» Required action
The expected output is the full set of entries, retyped verbatim, pictures excluded.

» Records for this exercise
****************
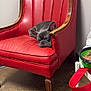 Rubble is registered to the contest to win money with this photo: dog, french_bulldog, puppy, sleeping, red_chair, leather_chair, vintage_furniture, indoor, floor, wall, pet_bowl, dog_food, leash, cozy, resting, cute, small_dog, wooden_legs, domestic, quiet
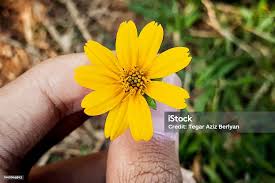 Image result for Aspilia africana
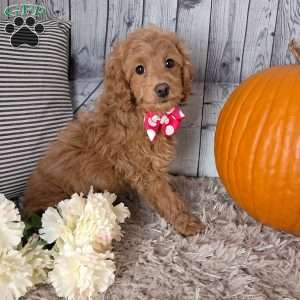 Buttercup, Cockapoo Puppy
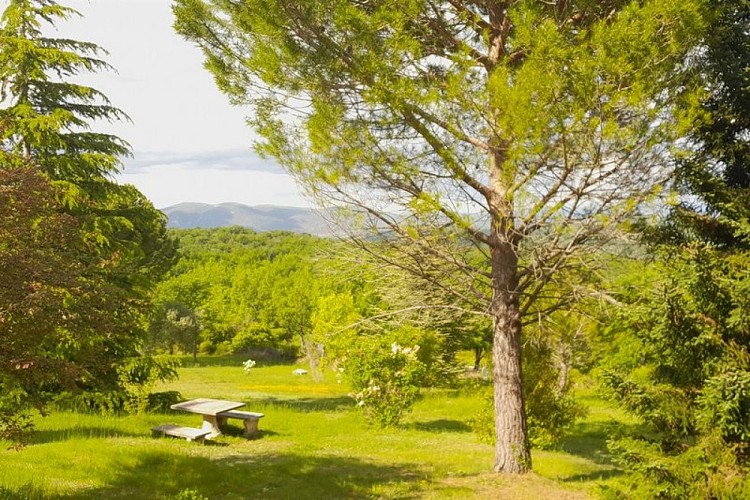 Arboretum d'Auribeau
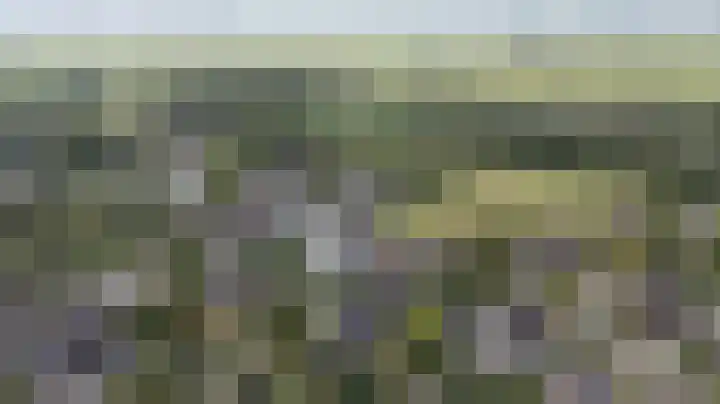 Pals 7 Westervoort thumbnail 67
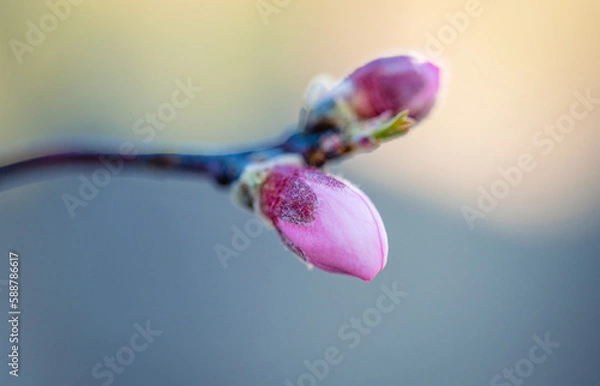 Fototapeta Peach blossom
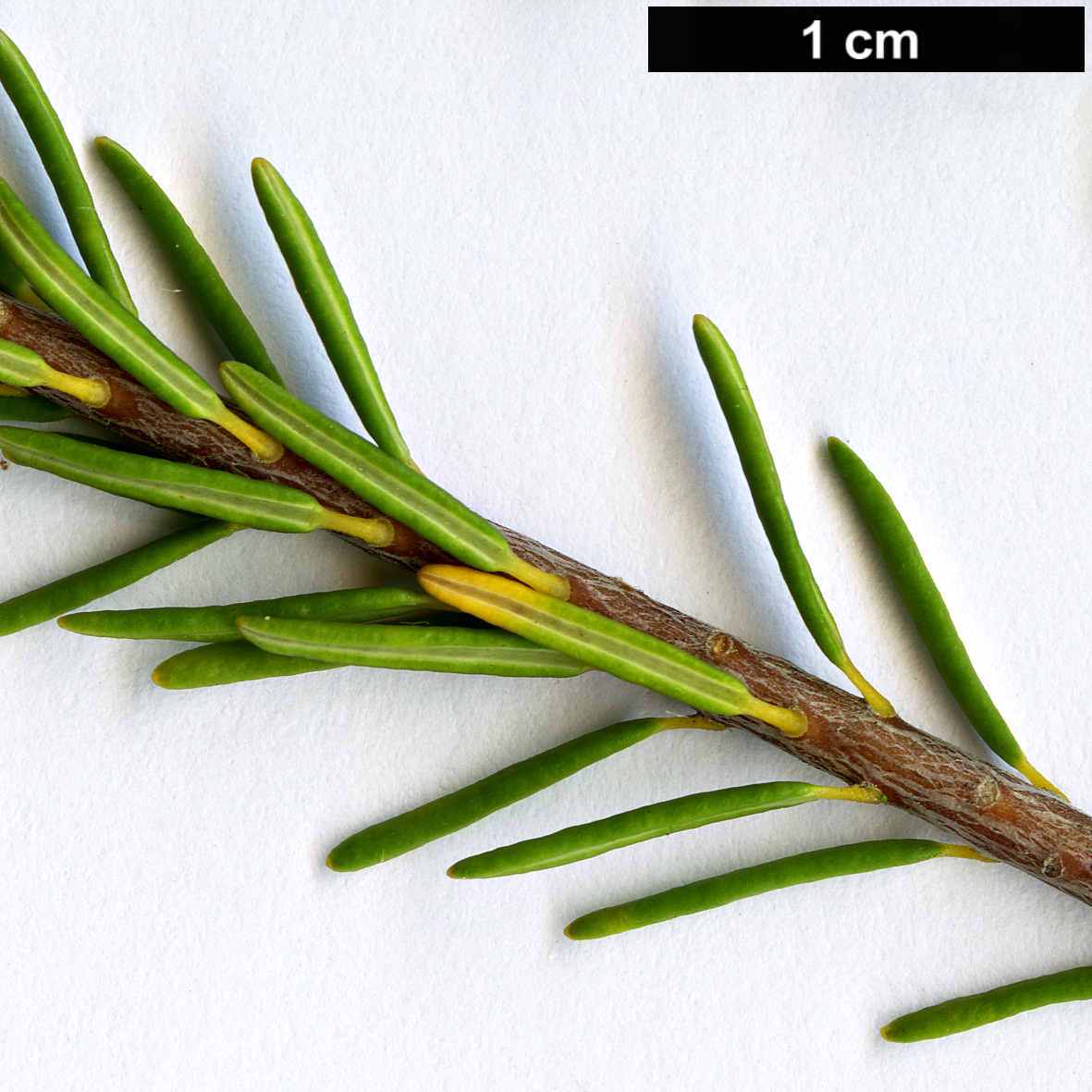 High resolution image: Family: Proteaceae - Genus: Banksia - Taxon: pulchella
****************
» Answer space
 Rubble is registered to the contest to win money with this photo: dog, french_bulldog, puppy, sleeping, red_chair, leather_chair, vintage_furniture, indoor, floor, wall, pet_bowl, dog_food, leash, cozy, resting, cute, small_dog, wooden_legs, domestic, quiet
 Image result for Aspilia africana
 Buttercup, Cockapoo Puppy
 Arboretum d'Auribeau
 Pals 7 Westervoort thumbnail 67
 Fototapeta Peach blossom
 High resolution image: Family: Proteaceae - Genus: Banksia - Taxon: pulchella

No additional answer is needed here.